Benim adım Kırmızı’da da, bu sıkıntının açımlandığı bir alan yaratılmış. 17.yy'da “Frenk Resmi” ile “Osmanlı nakşı” arasında yaşanan bu gerilimli dönem, bizim
için 21.yy'da baki.
Bir oyuncu olarak, batılı oyunculuk formuna
sıkışmadan -mesela ilizyonist olmayan, gerçekçi olmayan- bir anlatıcı tekniği
araştırmak/oluşturmak için verimli bir alan bulduk romanda. Bu alanı, Florenski’nin Tersten Perspektif kitabında
bahsedilen, perspektif ve tersten-perspektif arasındaki çatışmadan
yararlanarak ortaya çıkarmaya çalışıyoruz. Şimdi işin alengirli yerine geldik: Oyuncu,
sahnede bir meddahı oynuyor; meddah ise perdeye çizdiği bir diğer figürü
–şeytanı, parayı, ağacı vs. Burada oyuncunun hangi an meddah, hangi an figür
olduğu, ne kadarını taklit edeceği (mimetik anlamda) ve ne kadarını sadece
aktaracağı arasındaki ince çizgilier bu araştırmanın temelini oluşturuyor.

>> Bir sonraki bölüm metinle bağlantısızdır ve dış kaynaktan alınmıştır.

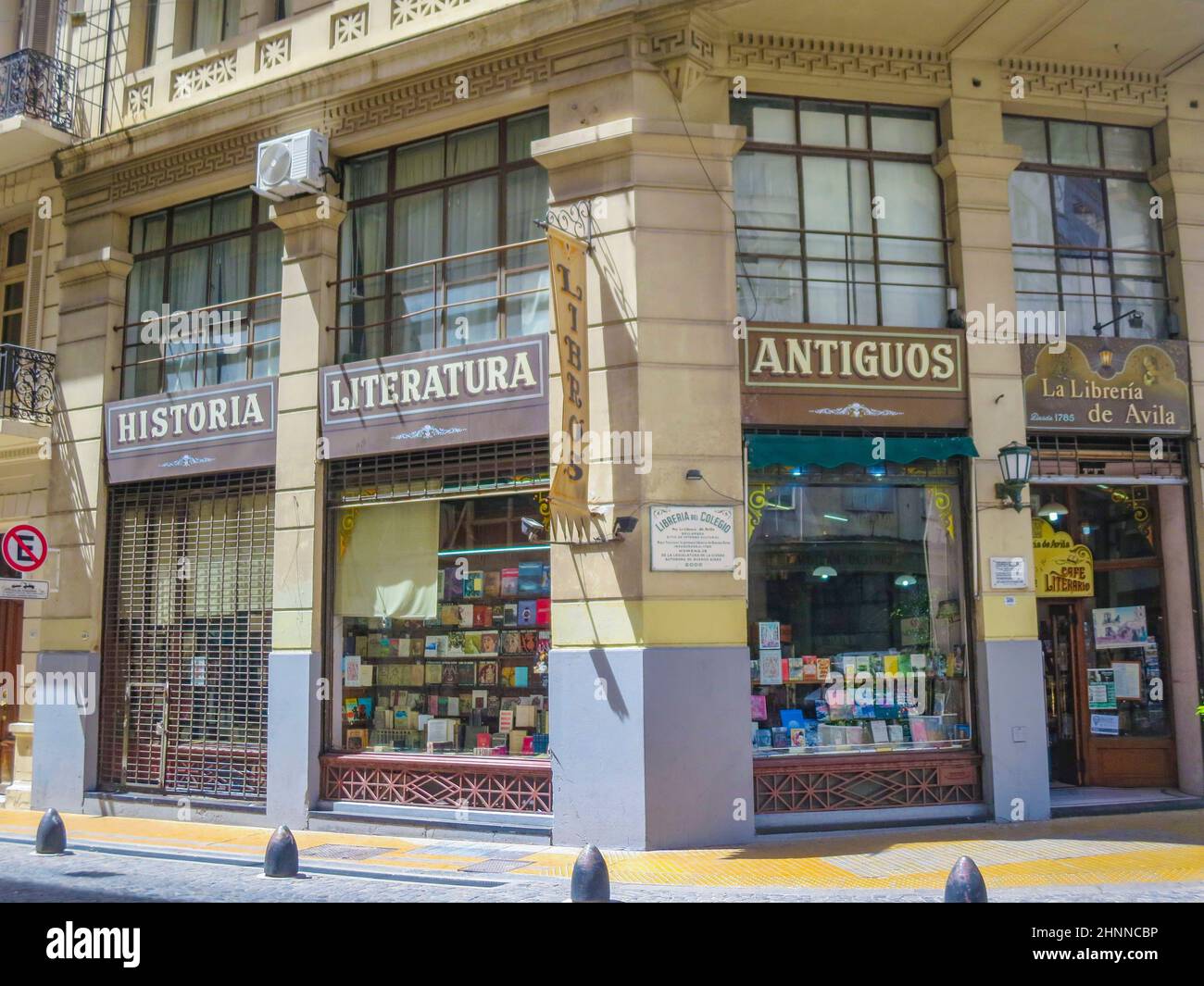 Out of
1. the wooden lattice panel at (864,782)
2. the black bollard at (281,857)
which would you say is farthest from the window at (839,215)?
the black bollard at (281,857)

Bu ince çizgiler, mantıkla (logos) belirlenebilecek çizgiler değil, gibi geliyor bana. “Şimdi
meddahım” ya da “Ben şeytanım” desem dahi, mesele kendimi tanıtma şeklimde
değil, tam olarak oyunla kurduğum ilişkide yatıyor. Bu ilişkinin biçimi, ise
zamanla kendini ele verecek gibi duruyor. Bu yüzden 3 aydan uzun bir süredir
devam eden provalar, 3 ay daha devam edecek gibi görünüyor. Tersten-perspektif
kuramının, perespektife yaklaşımını; Batılı olan oyunculuk biçimine
uygulayarak, yeni bir “aktarım biçimi” yakalamaya çalışıyoruz.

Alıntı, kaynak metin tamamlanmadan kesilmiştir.